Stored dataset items
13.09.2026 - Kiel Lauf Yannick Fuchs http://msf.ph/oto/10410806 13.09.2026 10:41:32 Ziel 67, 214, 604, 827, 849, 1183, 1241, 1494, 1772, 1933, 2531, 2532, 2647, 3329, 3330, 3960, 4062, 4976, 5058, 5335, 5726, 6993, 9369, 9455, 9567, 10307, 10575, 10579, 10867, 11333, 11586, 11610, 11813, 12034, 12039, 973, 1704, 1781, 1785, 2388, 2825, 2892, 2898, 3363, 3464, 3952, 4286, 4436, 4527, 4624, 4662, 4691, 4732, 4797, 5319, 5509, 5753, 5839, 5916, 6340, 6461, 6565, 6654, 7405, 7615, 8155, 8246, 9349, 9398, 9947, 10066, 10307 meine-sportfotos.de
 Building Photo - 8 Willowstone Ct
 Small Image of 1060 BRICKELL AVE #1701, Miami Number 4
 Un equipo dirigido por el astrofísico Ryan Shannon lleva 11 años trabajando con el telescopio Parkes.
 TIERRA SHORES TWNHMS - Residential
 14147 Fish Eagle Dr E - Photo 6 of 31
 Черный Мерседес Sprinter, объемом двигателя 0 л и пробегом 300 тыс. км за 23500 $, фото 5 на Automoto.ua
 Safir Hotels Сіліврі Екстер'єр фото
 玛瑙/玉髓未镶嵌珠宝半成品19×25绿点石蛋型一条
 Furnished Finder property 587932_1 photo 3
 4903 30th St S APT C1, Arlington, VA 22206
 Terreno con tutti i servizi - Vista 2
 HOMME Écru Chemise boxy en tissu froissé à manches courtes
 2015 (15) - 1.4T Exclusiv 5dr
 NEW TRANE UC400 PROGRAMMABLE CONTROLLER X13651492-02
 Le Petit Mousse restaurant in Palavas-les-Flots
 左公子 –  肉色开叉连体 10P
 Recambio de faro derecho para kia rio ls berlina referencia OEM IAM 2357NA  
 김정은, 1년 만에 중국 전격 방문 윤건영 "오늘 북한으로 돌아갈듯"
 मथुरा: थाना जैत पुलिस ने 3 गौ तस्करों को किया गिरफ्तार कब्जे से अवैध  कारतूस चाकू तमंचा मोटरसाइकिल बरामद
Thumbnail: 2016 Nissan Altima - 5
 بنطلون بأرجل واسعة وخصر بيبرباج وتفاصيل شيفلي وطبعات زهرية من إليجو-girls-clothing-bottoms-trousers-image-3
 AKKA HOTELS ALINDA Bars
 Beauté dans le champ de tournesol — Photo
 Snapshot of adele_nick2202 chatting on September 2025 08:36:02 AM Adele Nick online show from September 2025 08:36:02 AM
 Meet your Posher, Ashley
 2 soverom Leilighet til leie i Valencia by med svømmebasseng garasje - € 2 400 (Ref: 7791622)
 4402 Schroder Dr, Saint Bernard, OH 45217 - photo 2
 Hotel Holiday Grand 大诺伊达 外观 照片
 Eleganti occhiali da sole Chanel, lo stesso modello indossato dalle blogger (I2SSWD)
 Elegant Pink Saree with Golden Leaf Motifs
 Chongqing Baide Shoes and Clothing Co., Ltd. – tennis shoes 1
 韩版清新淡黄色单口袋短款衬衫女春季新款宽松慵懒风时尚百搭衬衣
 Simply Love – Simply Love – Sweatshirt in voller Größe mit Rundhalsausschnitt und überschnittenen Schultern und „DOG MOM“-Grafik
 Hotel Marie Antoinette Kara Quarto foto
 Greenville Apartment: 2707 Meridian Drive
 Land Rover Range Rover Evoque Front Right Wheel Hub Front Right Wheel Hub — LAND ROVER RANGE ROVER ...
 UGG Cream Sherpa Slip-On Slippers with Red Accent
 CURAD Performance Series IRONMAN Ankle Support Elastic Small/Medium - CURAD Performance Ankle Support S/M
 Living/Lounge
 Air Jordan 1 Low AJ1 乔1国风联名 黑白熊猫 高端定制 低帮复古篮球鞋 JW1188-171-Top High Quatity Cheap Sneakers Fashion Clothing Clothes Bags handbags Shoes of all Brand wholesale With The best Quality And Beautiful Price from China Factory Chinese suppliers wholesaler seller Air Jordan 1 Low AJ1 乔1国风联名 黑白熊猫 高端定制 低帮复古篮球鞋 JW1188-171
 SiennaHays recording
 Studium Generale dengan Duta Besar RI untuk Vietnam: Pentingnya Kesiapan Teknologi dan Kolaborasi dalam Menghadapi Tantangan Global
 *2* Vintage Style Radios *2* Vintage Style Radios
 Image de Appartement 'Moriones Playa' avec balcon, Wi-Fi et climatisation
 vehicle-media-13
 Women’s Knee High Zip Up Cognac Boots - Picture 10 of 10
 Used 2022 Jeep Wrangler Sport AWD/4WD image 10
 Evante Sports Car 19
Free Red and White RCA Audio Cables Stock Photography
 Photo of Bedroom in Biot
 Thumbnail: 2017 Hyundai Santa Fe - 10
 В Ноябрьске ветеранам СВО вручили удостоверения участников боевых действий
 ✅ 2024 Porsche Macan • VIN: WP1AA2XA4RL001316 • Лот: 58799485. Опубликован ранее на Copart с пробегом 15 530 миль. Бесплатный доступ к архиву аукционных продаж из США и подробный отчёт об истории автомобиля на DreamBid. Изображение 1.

:: THE PROBLEM ::
Return only the part of the records above that opens with the line containing "Greenville Apartment: 2707 Meridian Drive" and closes with the line containing "В Ноябрьске ветеранам", ends included.

:: RESULT FOR THIS EXERCISE ::
 Greenville Apartment: 2707 Meridian Drive
 Land Rover Range Rover Evoque Front Right Wheel Hub Front Right Wheel Hub — LAND ROVER RANGE ROVER ...
 UGG Cream Sherpa Slip-On Slippers with Red Accent
 CURAD Performance Series IRONMAN Ankle Support Elastic Small/Medium - CURAD Performance Ankle Support S/M
 Living/Lounge
 Air Jordan 1 Low AJ1 乔1国风联名 黑白熊猫 高端定制 低帮复古篮球鞋 JW1188-171-Top High Quatity Cheap Sneakers Fashion Clothing Clothes Bags handbags Shoes of all Brand wholesale With The best Quality And Beautiful Price from China Factory Chinese suppliers wholesaler seller Air Jordan 1 Low AJ1 乔1国风联名 黑白熊猫 高端定制 低帮复古篮球鞋 JW1188-171
 SiennaHays recording
 Studium Generale dengan Duta Besar RI untuk Vietnam: Pentingnya Kesiapan Teknologi dan Kolaborasi dalam Menghadapi Tantangan Global
 *2* Vintage Style Radios *2* Vintage Style Radios
 Image de Appartement 'Moriones Playa' avec balcon, Wi-Fi et climatisation
 vehicle-media-13
 Women’s Knee High Zip Up Cognac Boots - Picture 10 of 10
 Used 2022 Jeep Wrangler Sport AWD/4WD image 10
 Evante Sports Car 19
Free Red and White RCA Audio Cables Stock Photography
 Photo of Bedroom in Biot
 Thumbnail: 2017 Hyundai Santa Fe - 10
 В Ноябрьске ветеранам СВО вручили удостоверения участников боевых действий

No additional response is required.